Só pode ser brincadeira! Ele sentou-se atrás de mim quando claramente tinha diversas outras opções.

Será sorte ou azar?

Mexo minhas mãos que estão inertes no colo em sinal de nervosismo.

Procuro não pensar muito nisso conforme abro meu caderno e o professor confere se estão todos presentes. Finjo escrever algo na folha do meu caderno, minha pequena letra traça palavras contingentes, apenas para não ter que pensar no fato do aluno novo estar sentado atrás de mim. E modo como meu corpo reage a isso.

Depois de alguns minutos ou horas, não sei dizer, suspiro aliviada por ter terminado aqueles extensos cálculos matemáticos. São tantos exercícios sobre aritmética que minha cabeça esta à ponto de explodir. Massageio as têmporas doloridas e ao mesmo tempo consigo sentir Patrick me observando de onde está.

Minha vontade é de me virar apenas para vê-lo. Quem sabe conversar? Talvez até tentar fazer amizade com ele...
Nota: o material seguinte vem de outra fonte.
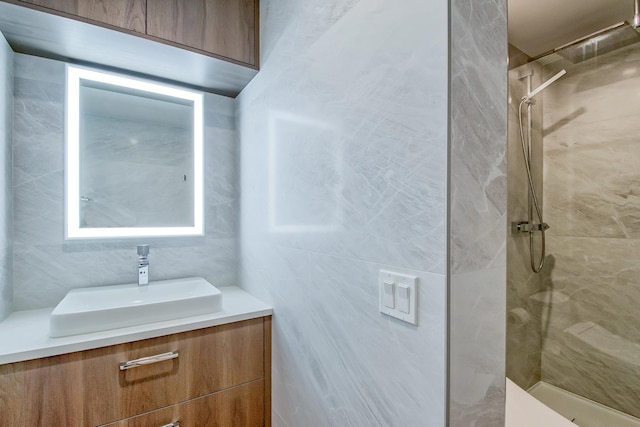 bathroom featuring tile walls, tiled shower, and vanity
Logo afasto a ideia da cabeça, e um sentimento estranho se apossa do meu peito. Abaixo o olhar, encarando um ponto distante, enquanto penso no que fazer a seguir.

Melhor não, decido por fim. Não é um bom momento, não posso me envolver com mais pessoas. Não quando posso perdê-las assim como aconteceu meu pai. Não sei se aguentarei passar por isso novamente.

A partir desse momento, tudo se torna um borrão em minha mente... De bruços, me encosto mais no assento. E, em algum momento, inevitavelmente, acabo adormecendo.